Além das escolas, Gabriel Marmentini considera importante para construir um país educado politicamente a atuação das universidades em projetos de extensão, eventos e disciplinas optativas com temas políticos. O empreendedor também chama atenção para o potencial das associações de moradores e dos grupos religiosos para educarem e engajarem politicamente.
“Com certeza o Brasil não é o único país que tem dificuldades com educação política nem está entre os piores nesse quesito, já que muitos países nem são democráticos. Mas também não está entre os melhores”, conta Marmentini. Em um panorama internacional, o Índice de Democracia da revista The Economist, que avalia a qualidade democrática de 167 países, posicionou o Brasil em 2016 no 51° lugar. A avaliação leva em conta cinco pontos: processo eleitoral e pluralismo, liberdades civis, funcionamento do governo, participação política e cultura política. Segundo Marmentini, as duas últimas categorias são as que mais rebaixam o Brasil no ranking.
Projeto de educação política Politize! já alcançou 10 milhões de internautas
O Politize! é um site e aplicativo de conteúdos didáticos sobre política sem vinculações partidárias ou ideológicas. Seus 150 cooperadores voluntários produzem textos, infográficos, quizzes (questionários), e-books (livros digitais), podcasts (arquivos de áudio) e webinários (seminários realizados na internet). Ativo desde julho 2015, o Politize! já alcançou 10 milhões de pessoas pela sua plataforma e atualmente tem 25 a 50 mil acessos diários.
Para além das telinhas, o grupo já fez parceria com outras organizações presentes nas escolas–como o ‘Amar é simples”, de Belo Horizonte–elaborando panfletos de política para crianças. Agora o Politize! está trabalhando na produção de livros didáticos que se adequem ao Programa Nacional do Livro e do Material Didático (PNLD) do MEC, com o intuito de esse material ser distribuído nas salas de escolas públicas e privadas de todo o Brasil. “Queremos ensinar política lá dentro. Criar material próprio e fazer com que isso vire política pública. Não é só um site que vai resolver a educação política”.
Outros projetos em iniciação do Politize! são a sua escola de ensino à distância e seu curso de embaixadores–jovens que querem impactar seus municípios e vão criar grupos de atuação política. Um dos líderes do grupo, Gabriel Marmentini, afirma que o Politize! tem interesse em tornar o ambiente das eleições deste ano mais democrático e com discussões positivas.
O Politize! nasceu justamente para suprir uma importante lacuna da educação brasileira: o grande déficit de conhecimento da população sobre o sistema político-partidário. Temos como pretensão fazer com que mais e mais pessoas conheçam a política do nosso país e, a partir disso, passem a ser cidadãos mais engajados, que tomem iniciativas relacionadas a esse sistema político.
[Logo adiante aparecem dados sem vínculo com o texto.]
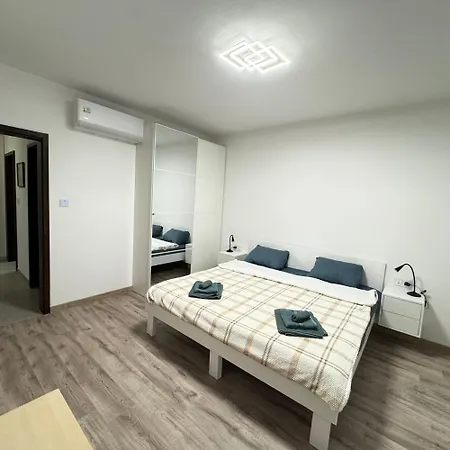 Apartment Visnja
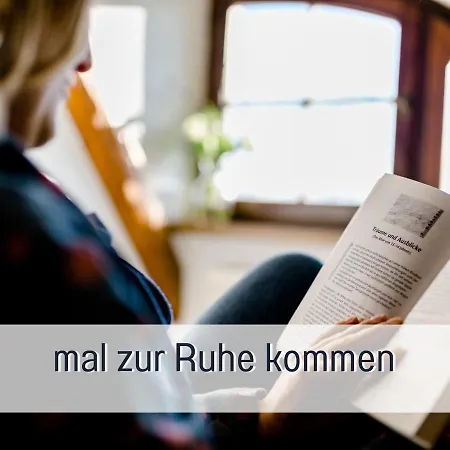 Reetmeer Ferienhaus, Und Ferienzimmer شقة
Entendemos que isso é essencial para combater problemas como a corrupção, o patrimonialismo e para que cada vez mais surjam iniciativas de melhoria na gestão pública.
A população possui instrumentos à sua disposição para se envolver diretamente com a política brasileira, instrumentos como a iniciativa popular, a Lei de Acesso à Informação e o Portal da Transparência.